- _WORK TO BE COMPLETED_
Could you copy the records below exactly, leaving out any pictures they include?

▬▬▬▬▬▬

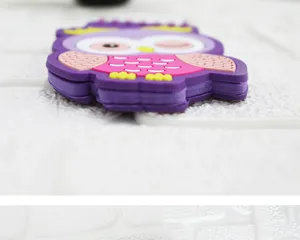 Nahaufnahme des niedlichen Cartoon Eule PVC Weichgummi Einband Spiral Notizbuchs Detail.
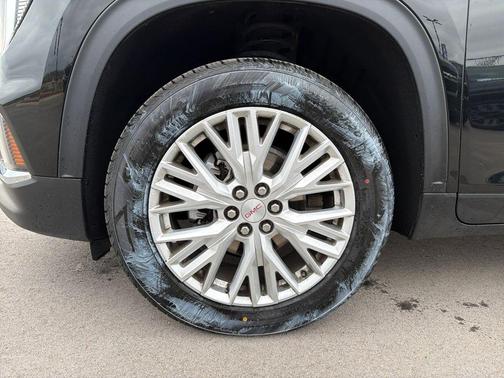 2024 GMC Acadia AWD Elevation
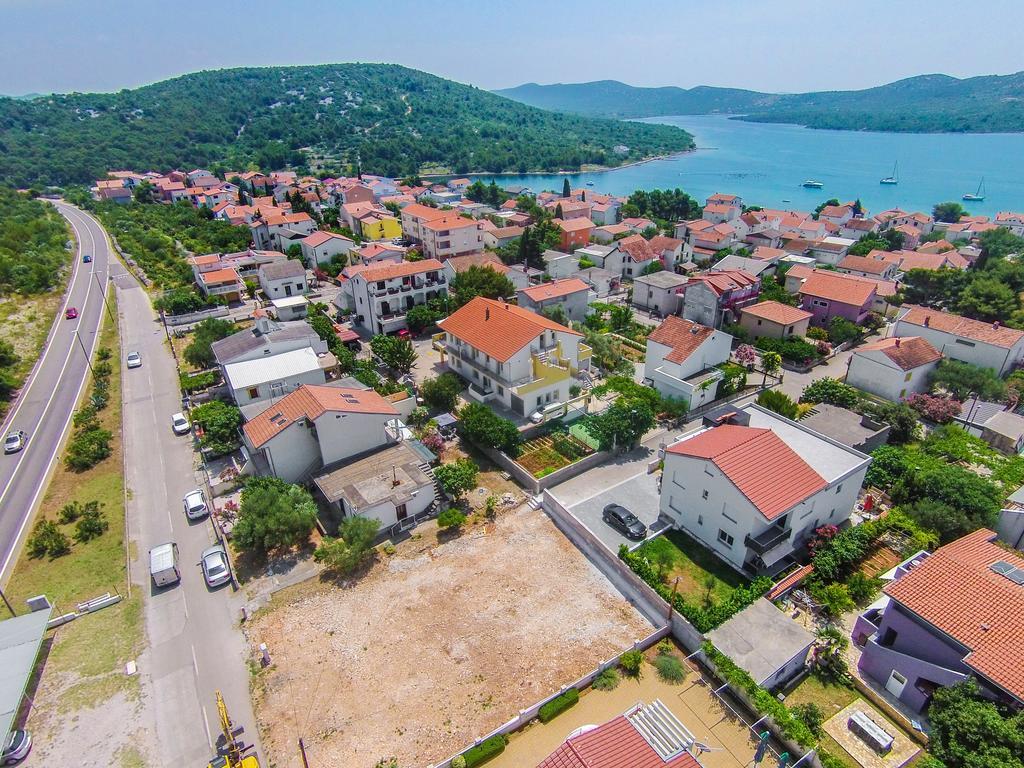 Apartments Zoran Pirovac Luaran gambar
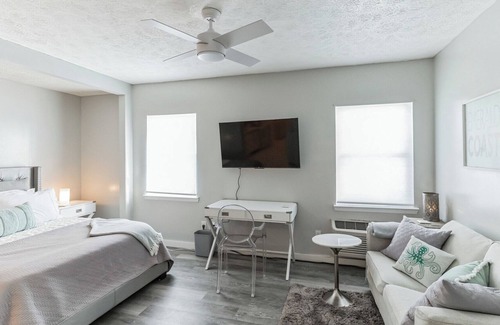 Laguna Beach Estates Condo | Seabreeze Suites Unit C | Pet Friendly!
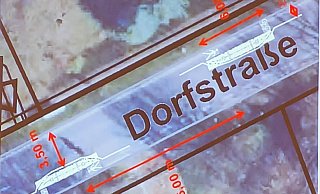 Auf der Dorfstraße in Ehrentrup werden Fahrbahnverengungen nach diesem Schema montiert. Fußgänger können dahinter sicher laufen. - Astrid Sewing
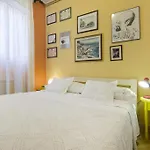 Moonshine Apartment With Magnificent View Guest house
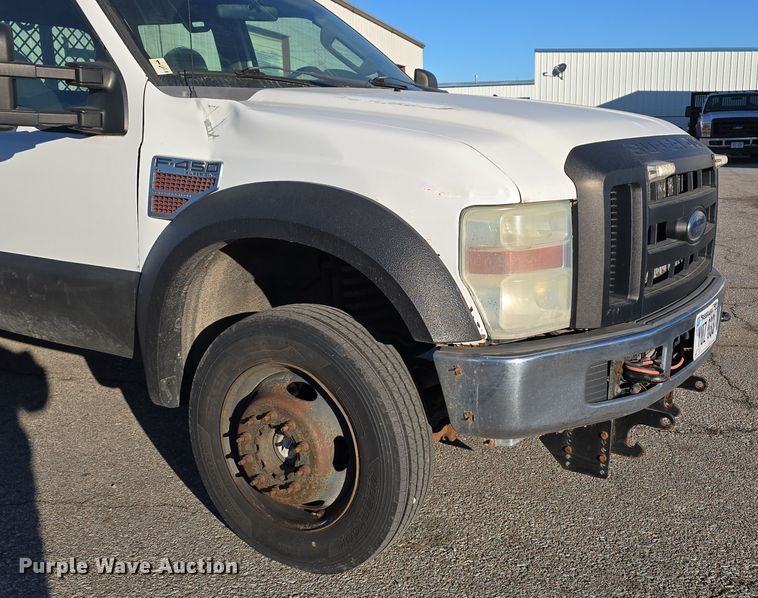 image for item DV0185 2009 Ford F450 Super Duty XL Crew Cab flatbed truck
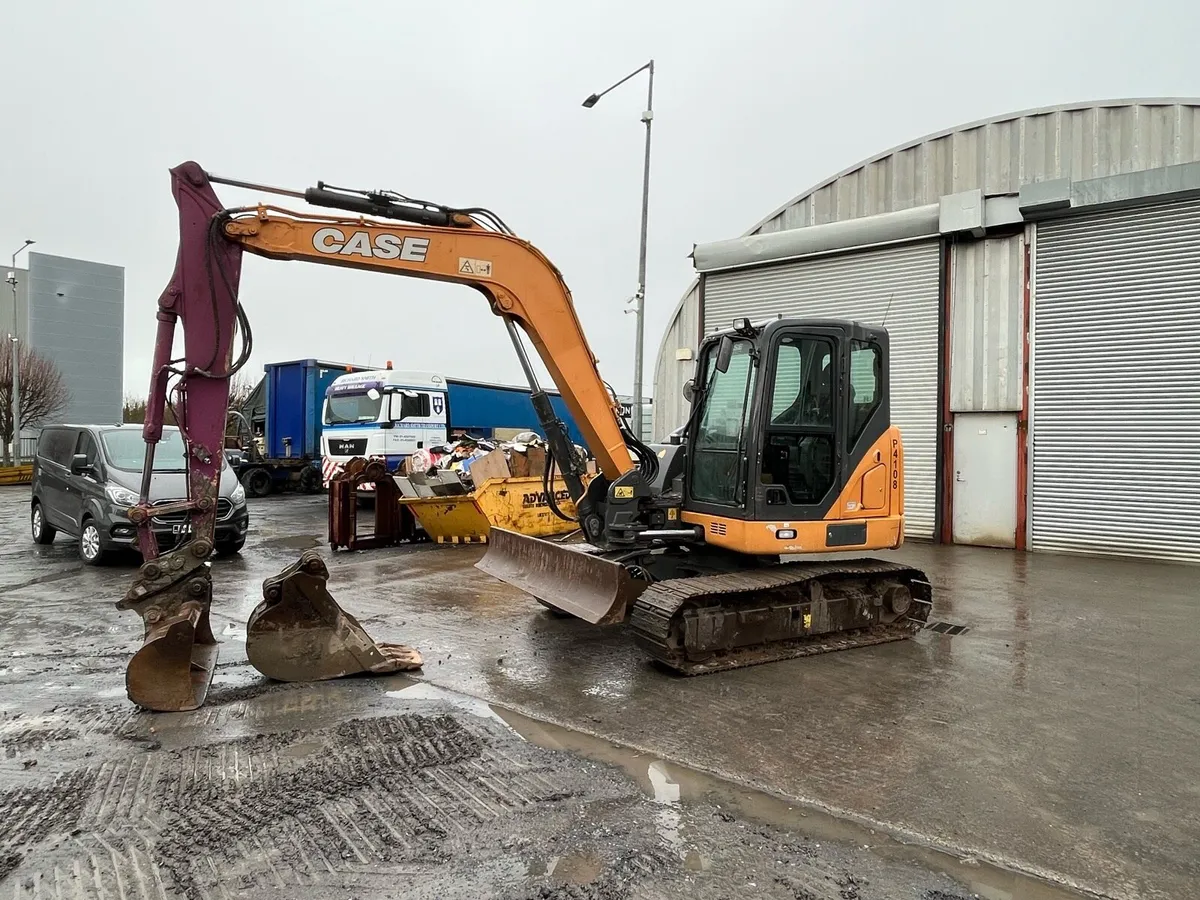 2018 Case 8 tonne digger - Image 3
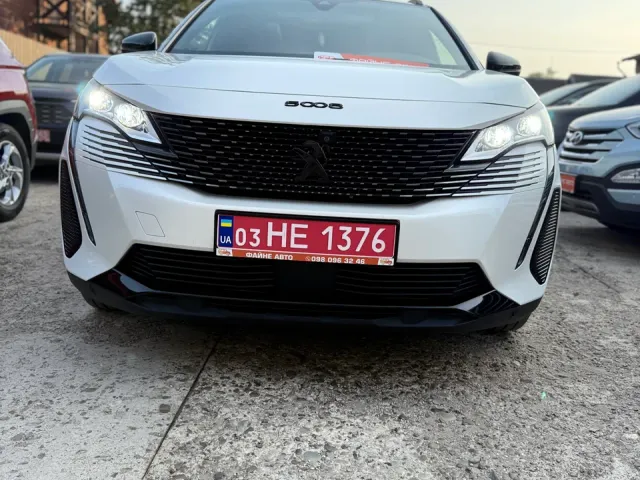 Peugeot 5008 - фото 2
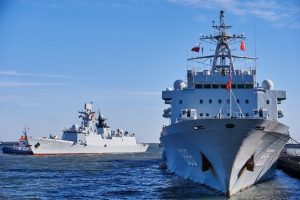 Tàu Hải quân Qiandaohu của Trung Quốc cập cảng Gdynia, Ba Lan, vào ngày 7 tháng 10 năm 2015.
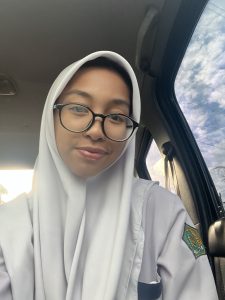 BUKU AJAIB YANG MENGUBAH HIDUPKU - IMG_6298 scaled | Cerpen | Potret Online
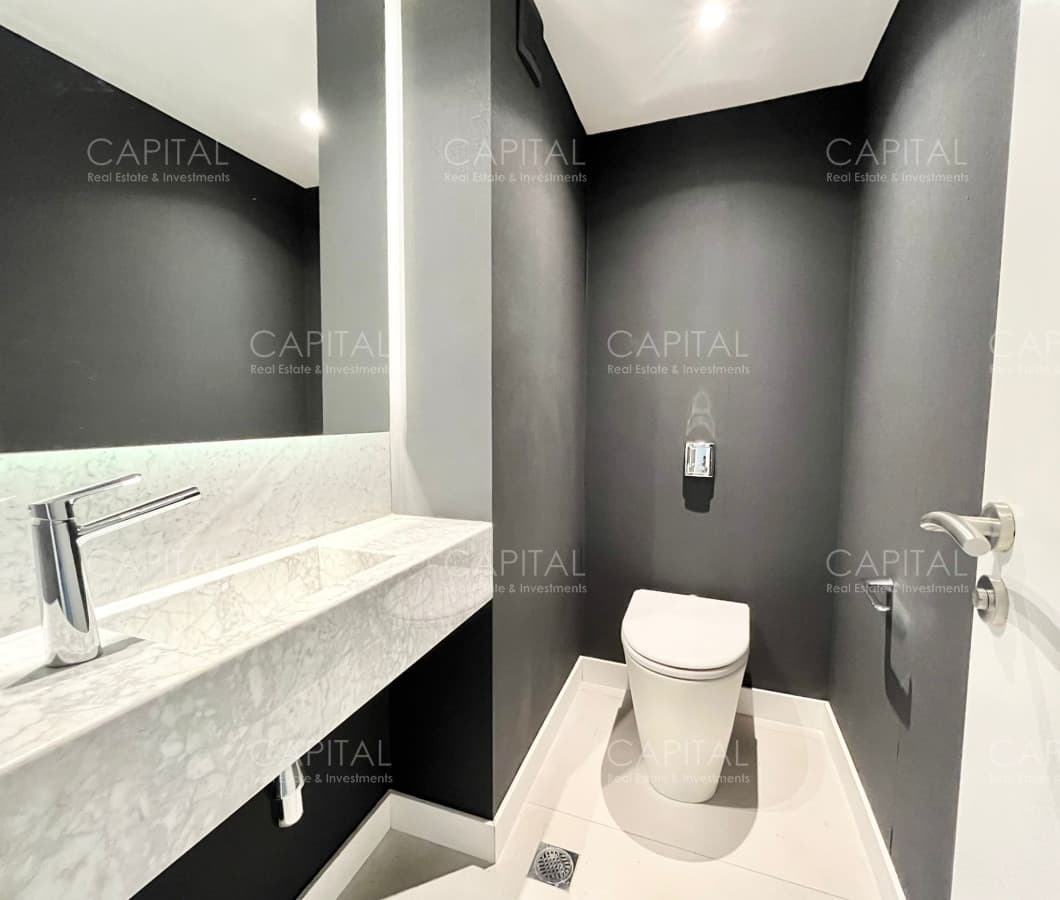 Apartamento en Venta de Tres Dormitorios en Playa Brava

▬▬▬▬▬▬

- _EXERCISE SOLUTION_
 Nahaufnahme des niedlichen Cartoon Eule PVC Weichgummi Einband Spiral Notizbuchs Detail.
 2024 GMC Acadia AWD Elevation
 Apartments Zoran Pirovac Luaran gambar
 Laguna Beach Estates Condo | Seabreeze Suites Unit C | Pet Friendly!
 Auf der Dorfstraße in Ehrentrup werden Fahrbahnverengungen nach diesem Schema montiert. Fußgänger können dahinter sicher laufen. - Astrid Sewing
 Moonshine Apartment With Magnificent View Guest house
 image for item DV0185 2009 Ford F450 Super Duty XL Crew Cab flatbed truck
 2018 Case 8 tonne digger - Image 3
 Peugeot 5008 - фото 2
 Tàu Hải quân Qiandaohu của Trung Quốc cập cảng Gdynia, Ba Lan, vào ngày 7 tháng 10 năm 2015.
 BUKU AJAIB YANG MENGUBAH HIDUPKU - IMG_6298 scaled | Cerpen | Potret Online
 Apartamento en Venta de Tres Dormitorios en Playa Brava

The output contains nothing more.